I am looking for help!
I want to talk to rhasspy through a microphone in a wi-fi camera.
What happened:

  1. Install rhasspy in docker on a Raspberry Pi
  2. Get access to rtsp audio stream.
  3. Write the word “test” from the stream to a PCMA file via vlc on a desctop computer.
  4. Recode the file from step 4 to wav via vlc
  5. Configure recognition of the word “test” (in russian language) from the transmitted wav file

That does not work:
Register the command in the Audio input settings.

Tried:
image

gst-launch-1.0
rtspsrc location = rtsp: // login: password@192.168.135.49: 554 / stream2 latency = 0 select-stream = stream_1! filesink location = / dev / stdout

Tried adding:
! rtppcmadepay! alawdec! filesink location = / dev / stdout

messages appear in mqtt, but when trying to recognize it, I get the “TimeOut” error.

What am I doing wrong?
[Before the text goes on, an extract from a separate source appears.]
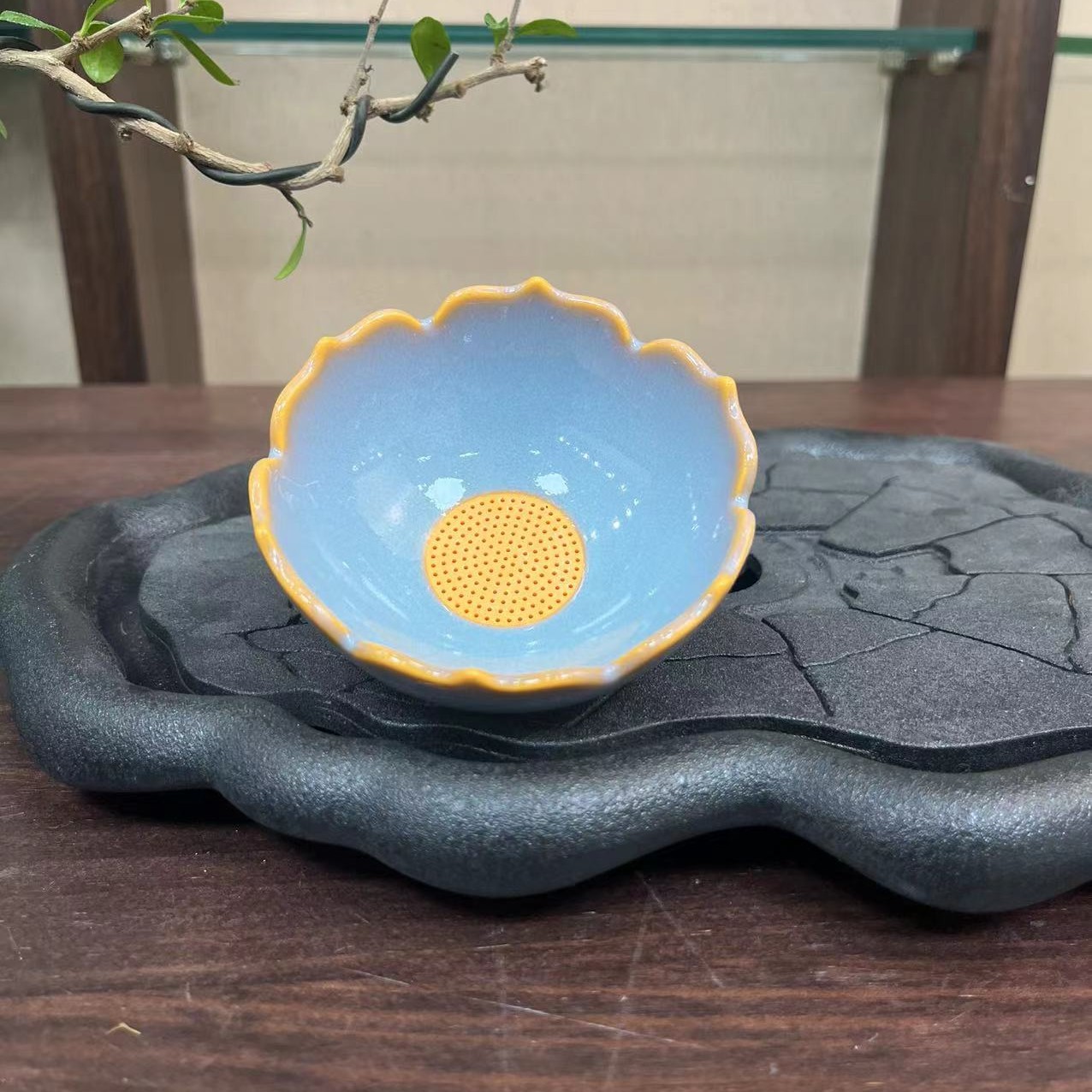 原矿汝瓷古韵秋霞莲花茶漏2件套瓷胎一体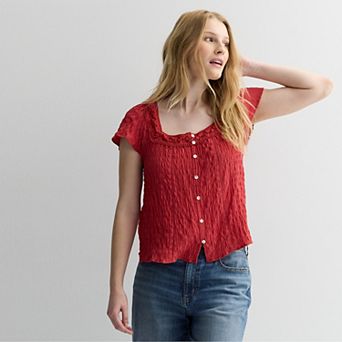 Juniors' Pink Republic Smock Crinkled Short Sleeve Top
I do not understand encodings, format and other sound parameters.

Please post the logfile where you see this TimeOut

[ERROR:2021-07-01 07:29:41,989] rhasspyserver_hermes:
Traceback (most recent call last):
File “/usr/lib/rhasspy/.venv/lib/python3.7/site-packages/quart/app.py”, line 1821, in full_dispatch_request
result = await self.dispatch_request(request_context)
File “/usr/lib/rhasspy/.venv/lib/python3.7/site-packages/quart/app.py”, line 1869, in dispatch_request
return await handler(**request_.view_args)
File “/usr/lib/rhasspy/rhasspy-server-hermes/rhasspyserver_hermes/main.py”, line 936, in api_listen_for_command
async for response in core.publish_wait(handle_intent(), [], message_types):
File “/usr/lib/rhasspy/rhasspy-server-hermes/rhasspyserver_hermes/init.py”, line 994, in publish_wait
result_awaitable, timeout=timeout_seconds
File “/usr/lib/python3.7/asyncio/tasks.py”, line 423, in wait_for
raise futures.TimeoutError()
concurrent.futures._base.TimeoutError
[WARNING:2021-07-01 07:29:11,993] rhasspyserver_hermes: Dialogue management is disabled. ASR will NOT be automatically enabled.
[DEBUG:2021-07-01 07:29:11,992] rhasspyserver_hermes: ← HotwordDetected(model_id=‘default’, model_version=’’, model_type=‘personal’, current_sensitivity=1.0, site_id=‘default’, session_id=None, send_audio_captured=None, lang=None, custom_entities=None)
[DEBUG:2021-07-01 07:29:11,969] rhasspyserver_hermes: Subscribed to hermes/error/nlu
[DEBUG:2021-07-01 07:29:11,968] rhasspyserver_hermes: Waiting for intent (session_id=None)
[DEBUG:2021-07-01 07:29:11,967] rhasspyserver_hermes: Publishing 199 bytes(s) to hermes/hotword/default/detected
[DEBUG:2021-07-01 07:29:11,965] rhasspyserver_hermes: → HotwordDetected(model_id=‘default’, model_version=’’, model_type=‘personal’, current_sensitivity=1.0, site_id=‘default’, session_id=None, send_audio_captured=None, lang=None, custom_entities=None)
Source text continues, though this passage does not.